No facebook Ivana falou sobre a capa da Cult.
“Intelectual e professor no Brasil é meio clichê: se apresenta sempre
sério e com uma biblioteca atrás nas fotos. Não pode ser nem sorridente e nem
irreverente. Se for mulher então, num país machista, mesmo dentro das
universidades, tem que se enquadrar nas ‘regras de respeitabilidade’ e da
‘reputação’. (…) Um gesto (mesmo irreverente) é uma forma de comunicação direta
e a quente, diante de tantas limitações, constrangimentos e caretice. (…) Às
vezes é preciso sair do figurino para falar amplamente e francamente.”

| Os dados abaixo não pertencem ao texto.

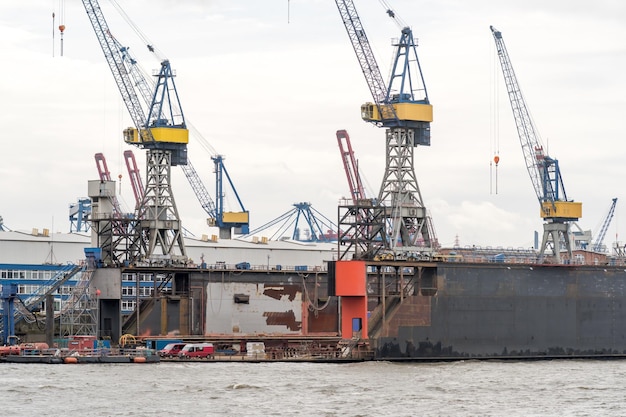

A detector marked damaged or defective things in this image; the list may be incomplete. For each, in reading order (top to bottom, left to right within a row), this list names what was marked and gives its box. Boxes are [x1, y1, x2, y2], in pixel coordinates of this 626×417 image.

rust stain [262, 284, 298, 300]
rust stain [262, 310, 302, 330]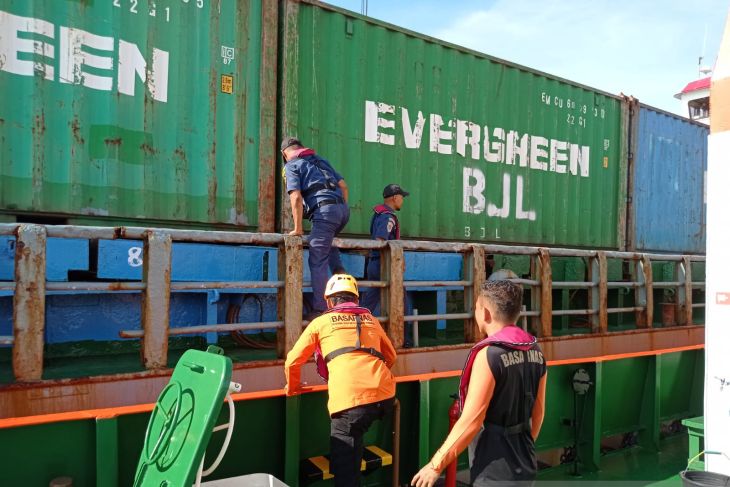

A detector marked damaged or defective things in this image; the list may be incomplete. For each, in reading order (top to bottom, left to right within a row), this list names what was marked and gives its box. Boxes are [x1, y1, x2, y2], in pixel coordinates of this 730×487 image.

rusty metal railing [0, 223, 704, 384]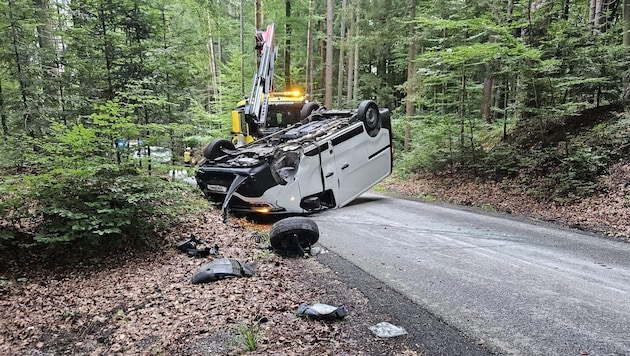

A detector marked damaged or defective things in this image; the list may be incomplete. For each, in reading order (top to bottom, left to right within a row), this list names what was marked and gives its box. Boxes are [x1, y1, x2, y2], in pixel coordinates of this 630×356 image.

detached wheel [300, 101, 320, 121]
detached wheel [358, 101, 382, 139]
detached wheel [204, 139, 236, 160]
overturned car [196, 100, 396, 217]
detached wheel [272, 217, 320, 256]
broken plastic debris [191, 258, 256, 286]
broken plastic debris [298, 304, 348, 320]
broken plastic debris [370, 322, 410, 338]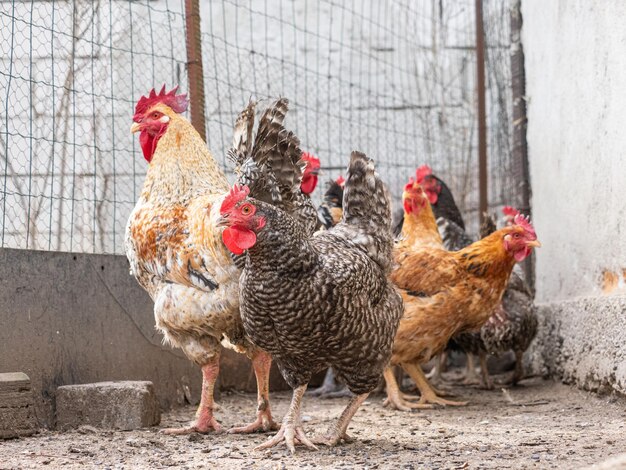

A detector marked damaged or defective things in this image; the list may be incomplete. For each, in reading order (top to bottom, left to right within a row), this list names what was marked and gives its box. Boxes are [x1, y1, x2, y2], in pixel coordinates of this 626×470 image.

rusty metal pole [183, 0, 207, 140]
rusty metal pole [472, 0, 488, 225]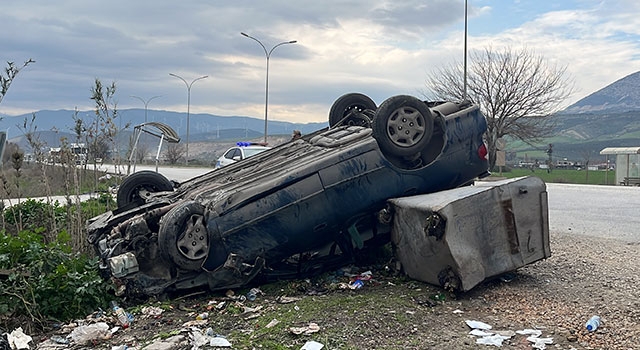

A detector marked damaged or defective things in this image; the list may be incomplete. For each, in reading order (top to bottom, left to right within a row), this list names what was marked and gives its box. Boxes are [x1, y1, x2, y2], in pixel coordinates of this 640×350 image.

overturned car [87, 93, 490, 296]
damaged vehicle roof [87, 93, 490, 298]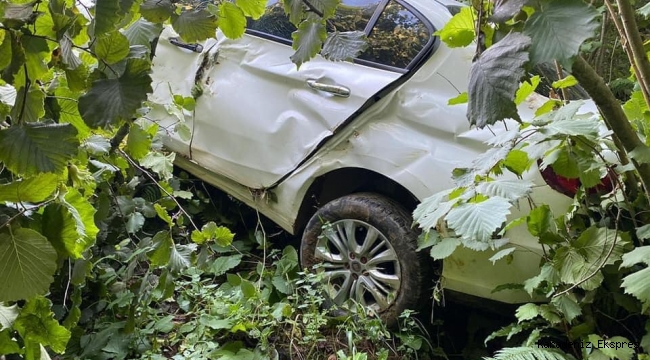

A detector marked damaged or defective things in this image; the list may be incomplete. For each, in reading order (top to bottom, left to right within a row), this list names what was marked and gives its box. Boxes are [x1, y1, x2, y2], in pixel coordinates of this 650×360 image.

dented car body [151, 0, 572, 324]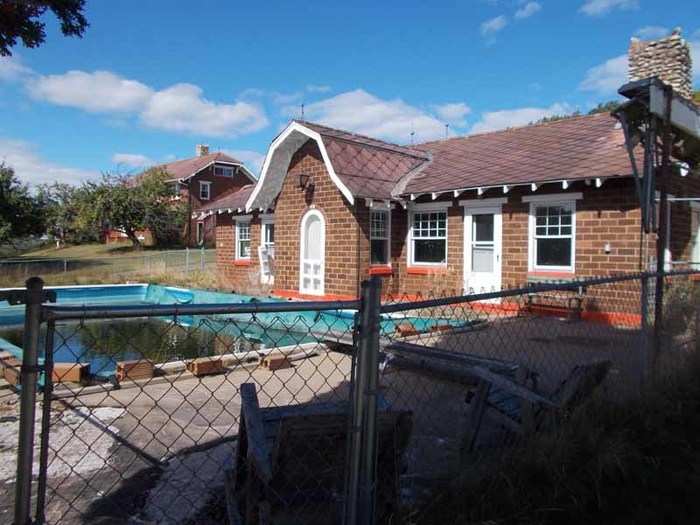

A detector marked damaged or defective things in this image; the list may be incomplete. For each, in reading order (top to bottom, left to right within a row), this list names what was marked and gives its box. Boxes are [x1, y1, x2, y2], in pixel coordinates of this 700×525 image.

damaged fence [5, 268, 700, 520]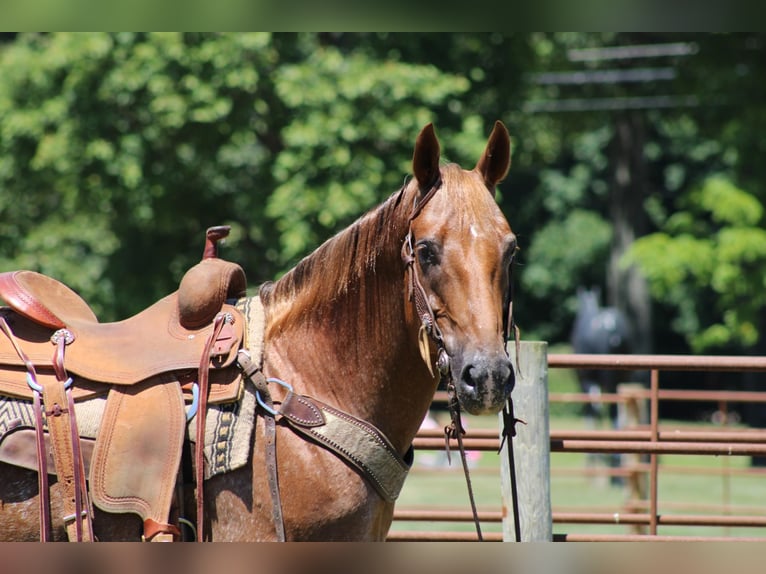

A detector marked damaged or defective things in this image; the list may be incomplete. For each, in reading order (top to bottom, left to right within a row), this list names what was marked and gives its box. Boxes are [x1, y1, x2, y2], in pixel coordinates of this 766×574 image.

rusty pipe fence [392, 352, 766, 544]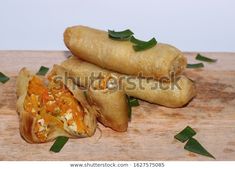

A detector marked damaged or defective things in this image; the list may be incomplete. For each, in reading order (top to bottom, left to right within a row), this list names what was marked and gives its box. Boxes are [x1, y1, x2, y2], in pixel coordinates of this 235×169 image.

broken spring roll [16, 65, 96, 143]
broken spring roll [87, 74, 129, 132]
broken spring roll [63, 25, 187, 80]
broken spring roll [61, 56, 196, 107]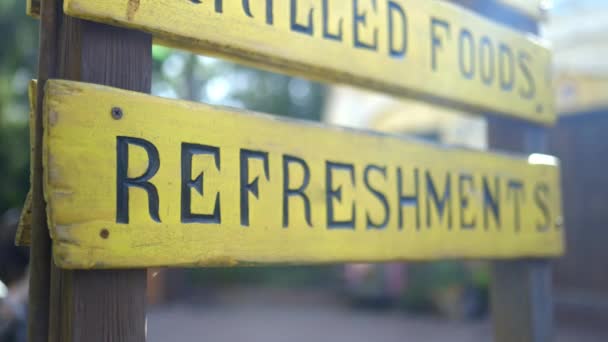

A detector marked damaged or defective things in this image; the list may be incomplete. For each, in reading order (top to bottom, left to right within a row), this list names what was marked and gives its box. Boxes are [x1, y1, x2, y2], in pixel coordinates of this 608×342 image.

chipped yellow paint [64, 0, 552, 123]
chipped yellow paint [15, 80, 37, 246]
chipped yellow paint [44, 80, 564, 270]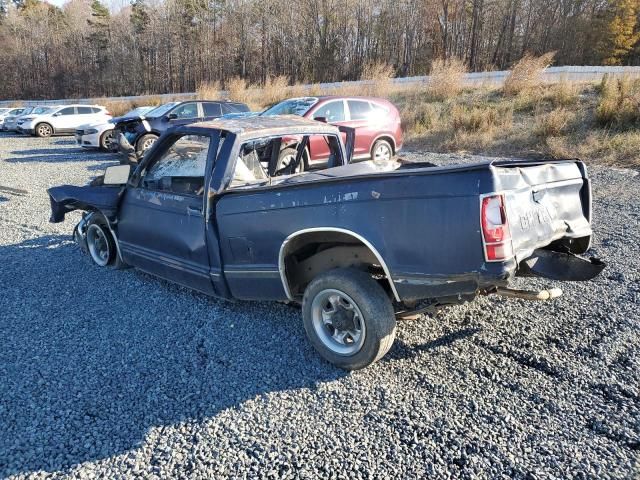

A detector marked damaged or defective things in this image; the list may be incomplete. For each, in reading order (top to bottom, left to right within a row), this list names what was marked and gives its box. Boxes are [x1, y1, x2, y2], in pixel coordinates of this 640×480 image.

burned truck roof [186, 115, 340, 138]
wrecked blue pickup truck [47, 114, 604, 370]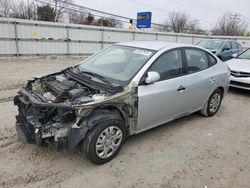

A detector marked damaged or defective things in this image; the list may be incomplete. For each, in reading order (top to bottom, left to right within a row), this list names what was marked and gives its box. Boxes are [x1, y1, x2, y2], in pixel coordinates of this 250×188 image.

damaged front end [13, 67, 135, 150]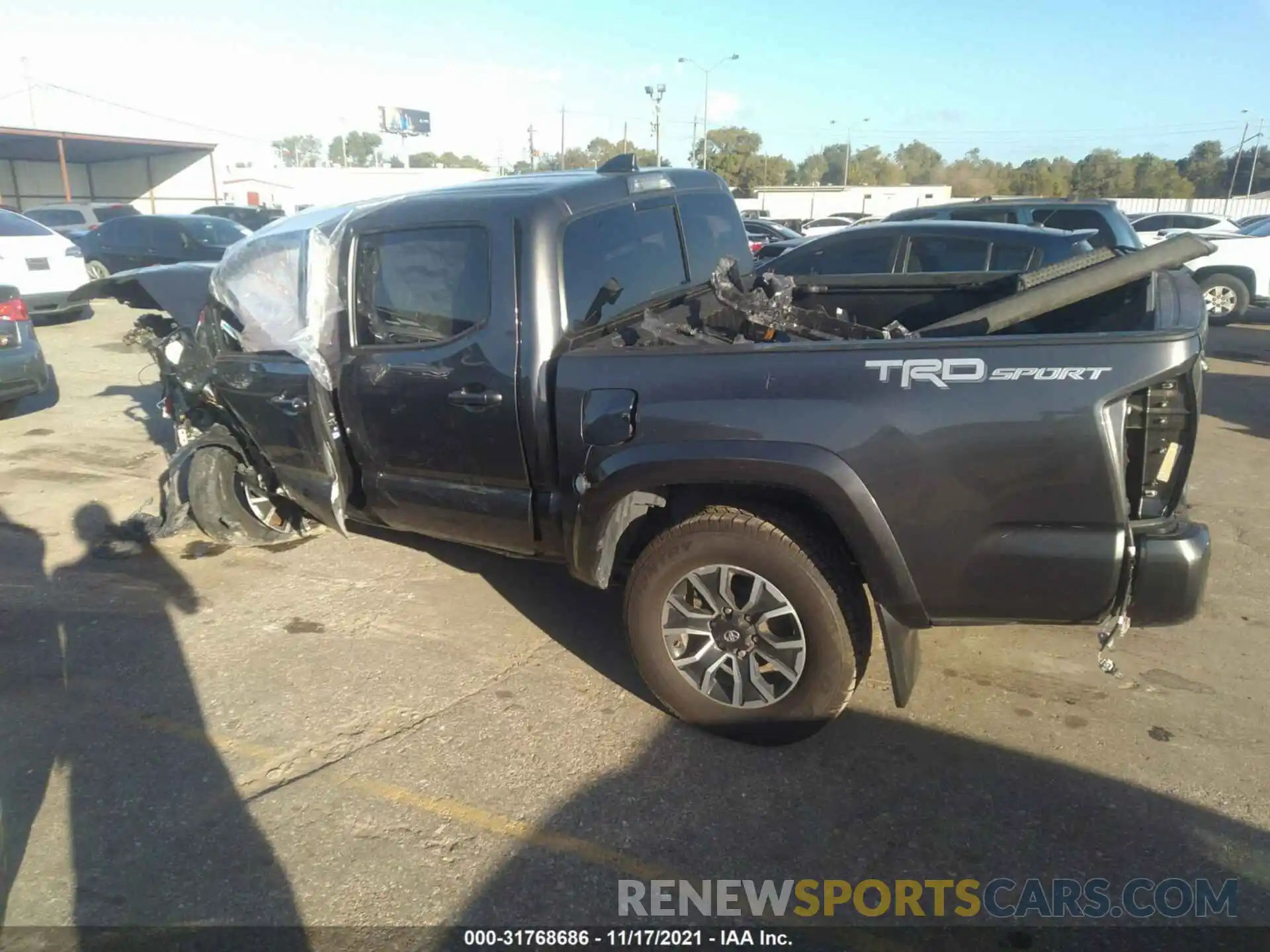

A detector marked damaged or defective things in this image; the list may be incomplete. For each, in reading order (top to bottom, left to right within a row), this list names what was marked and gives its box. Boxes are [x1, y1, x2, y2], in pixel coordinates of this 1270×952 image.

Na entrevista na Cult, intitulada Respeitosamente
vândala, ela diz que “as periferias são laboratórios de mundo e a riqueza
do Brasil”, e lança os conceitos ciberperiferia e riqueza
da pobreza, ”que transforma as favelas, quilombos urbanos conectados,
em laboratórios de produção subjetiva”. Os dedos femininos levantados
aconteceram durante as celebrações do Dia Internacional da Mulher, inclusive a
capa da Cult é referente a isso. Na minha visão subjetiva, as mulheres avançam
a todo vapor na sua inclusão abrangente no cenário social do século XXI e
mostro a elas o V da vitória (indicador e médio levantados) que, aliás, se
originou como pedido de clemência dos gladiadores que perdiam a luta no Coliseu
romano e não queriam ser sacrificados. Uma sugestão: leiam A história
de nossos gestos, de Luís da Câmara Cascudo.